Чертополох. Философия живописи — страница 56 из 122

Как прикажете аттестовать холст Эль Греко «Похороны графа Оргаса», мистерию и костюмную постановку? Это пример стиля барокко, маньеризма или реализма? Годится любое определение. Никола Пуссен – величайший художник барокко, он же великий реалист, но скажите – эффекты античной сценографии, разве они не свойственны маньеризму? Болонская академия братьев Карраччи стала примером академического рисования на столетия, но как определить это рисование? Что такое болонский академизм – реализм это или маньеризм? Правила школы построены на умозрительном шаблоне, создан искусственный язык, в нем не меньше манерных приемов, чем в маньеризме. Рембрандтовский рассказ о судьбе человека безыскусен, однако «Ночной дозор» – на редкость постановочное произведение. Разве это не типичная маньеристическая жанровая сцена? Следует считать Веласкеса реалистом на основании картины «Сдача Бреды» и портретов шутов, или надо признать, что художник отдал дань маньеризму в театральной композиции «Менин»? Бесконечный парад зеркальных отражений – это разве реализм? И что сказать о вездесущем Рубенсе, о сочетании плотной, предметной, откровенно плотской живописи с экзотической декорацией? Что есть его знаменитые охоты на бегемотов и львов, как не классика маньеризма?

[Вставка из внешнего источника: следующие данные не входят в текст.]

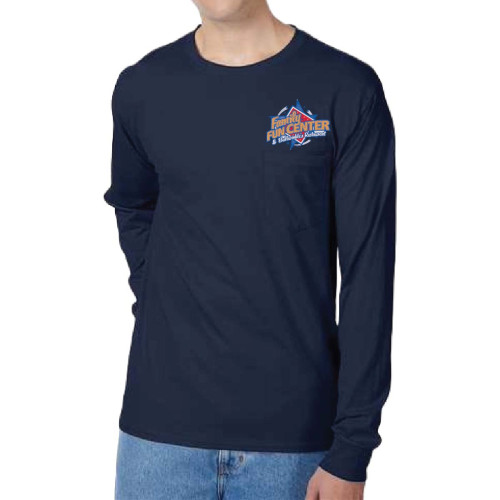 Hanes Authentic Long Sleeve Pocket T-Shirt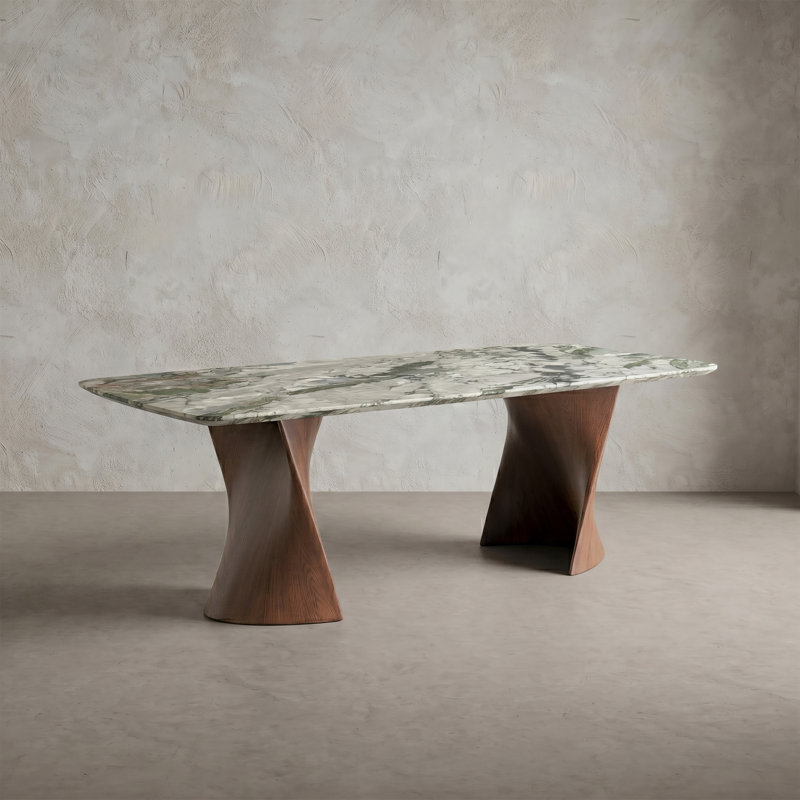 Table de salle à manger rectangulaire Premier en pierre frittée avec base en tréteaux en bois Premier, Vert / Beige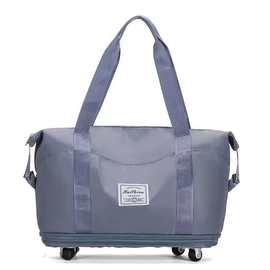 短途旅行行李包带滑轮可扩展搬家收纳包孕妇待产大容量便携健身包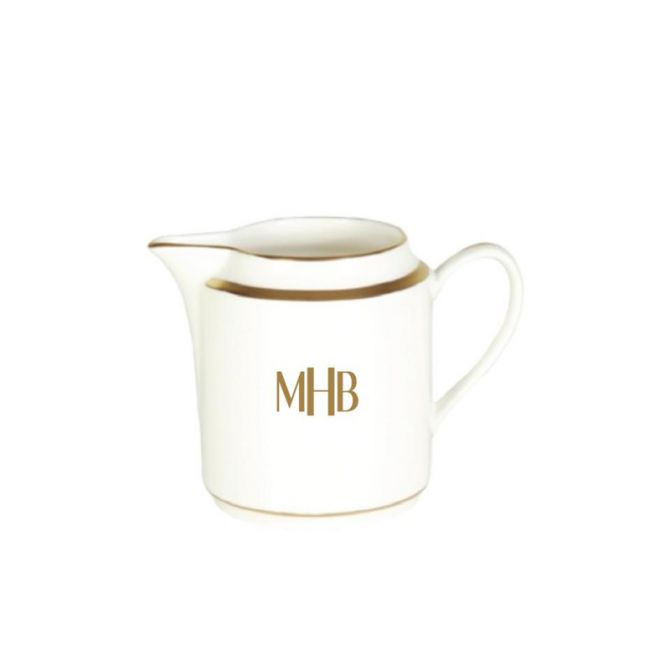 Pickard Signature Ivory Gol Barbara Monogram Creamer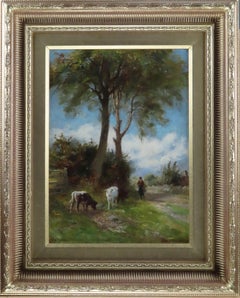Pair of Oils on Canvas by F. J . Knowles "Feeding the Geese""Herding the Cattle"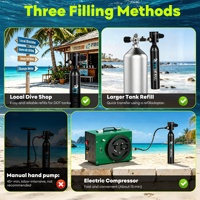 TUDIVING DOT CE 0.5L Bouteille de plongée portable en aluminium réutilisable pour la plongée sous-marine, kit de plongée pour les vacances à la plage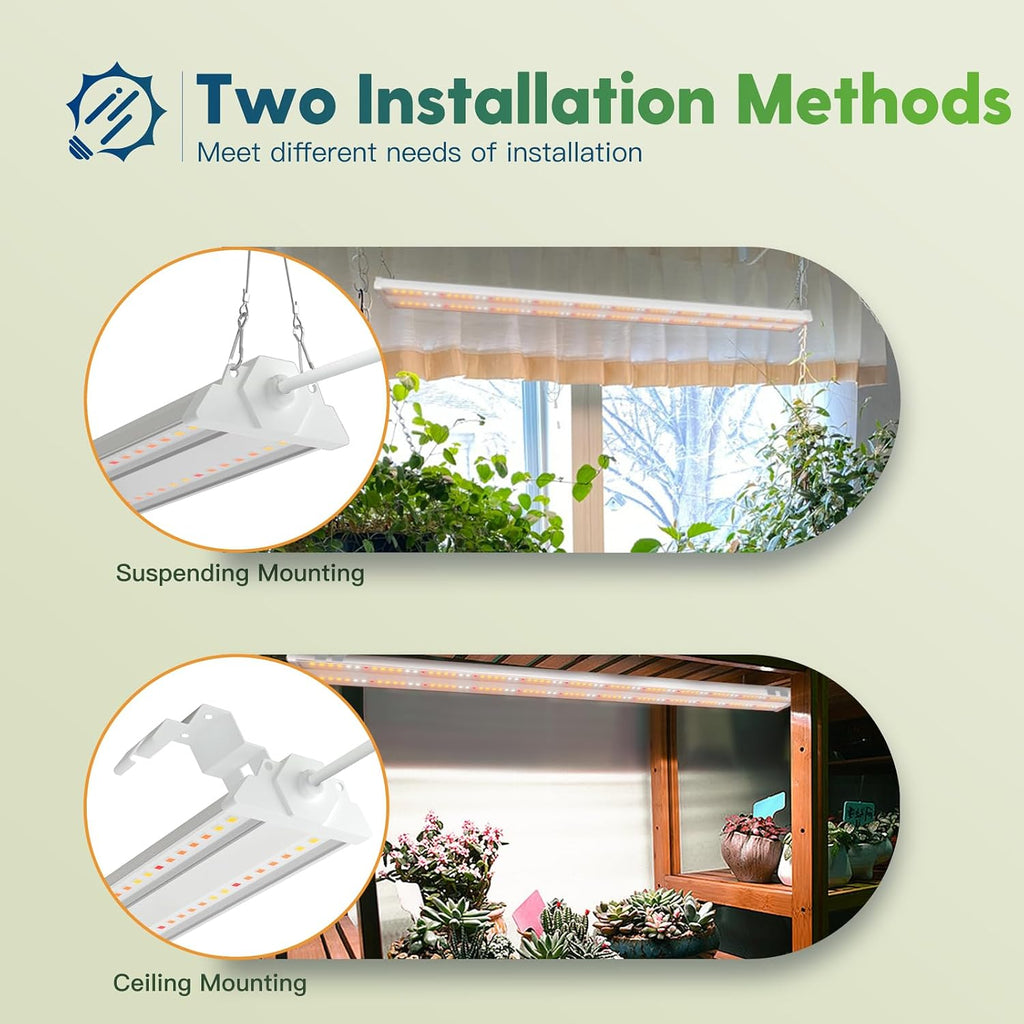 FREELICHT 1Pack 4FT Grow Light for Indoor Plants, 60W=350W, Full Spectrum | Linkable LED Grow Light, Sunlike Plant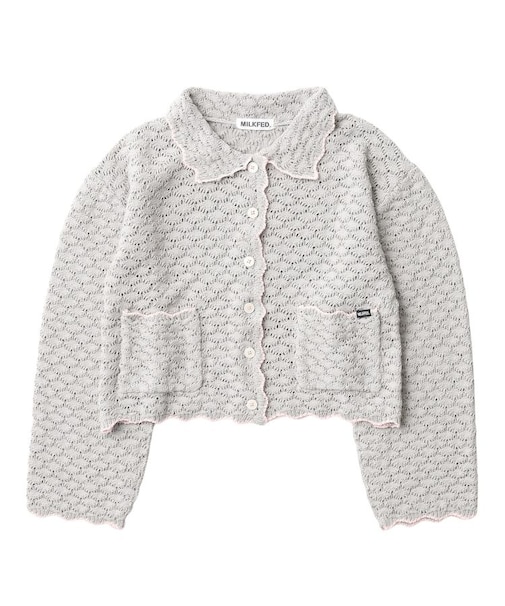 OPEN COLLAR CONTRAST TRIM KNIT CARDIGAN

О да, великое не укладывается в схемы, гении выше классификации, они вмещают все стили сразу. Но творчество менее значительных мастеров вносит еще большую сумятицу в определение стилей. Бесконечные бодегонес (трактирные сцены испанского барокко), бассонки (инварианты библейских сцен а-ля Бассано), бамбочада (итальянские карнавальные фантазии) – это жанровый реализм, барочное многословие, маньеристический театр?..

В стилях XVII века все перепутано, как и в Тридцатилетней войне. Анализируя вражду и учитывая интересы сторон той долгой войны, мы сталкиваемся с тем, что воюющие столько раз меняли флаги, что фактически предавали сами себя. Протестанты-гугеноты при поддержке Англии воюют с Францией; но в то же время католическая Франция – противник католической Испании. С Испанией в свою очередь воюют нидерландские протестанты-гёзы. Возникает противоречивая картина: протестанты совершают боевые действия против врага тех, кто подавляет других протестантов. Воюют с Испанией и усиливают Францию, тем самым помогают Франции громить гугенотов. Но гугеноты ведь – единоверцы гёзов, как же так? Получается, что протестанты воюют сами с собой? Вот и с реализмом, маньеризмом и барокко тоже все запутано.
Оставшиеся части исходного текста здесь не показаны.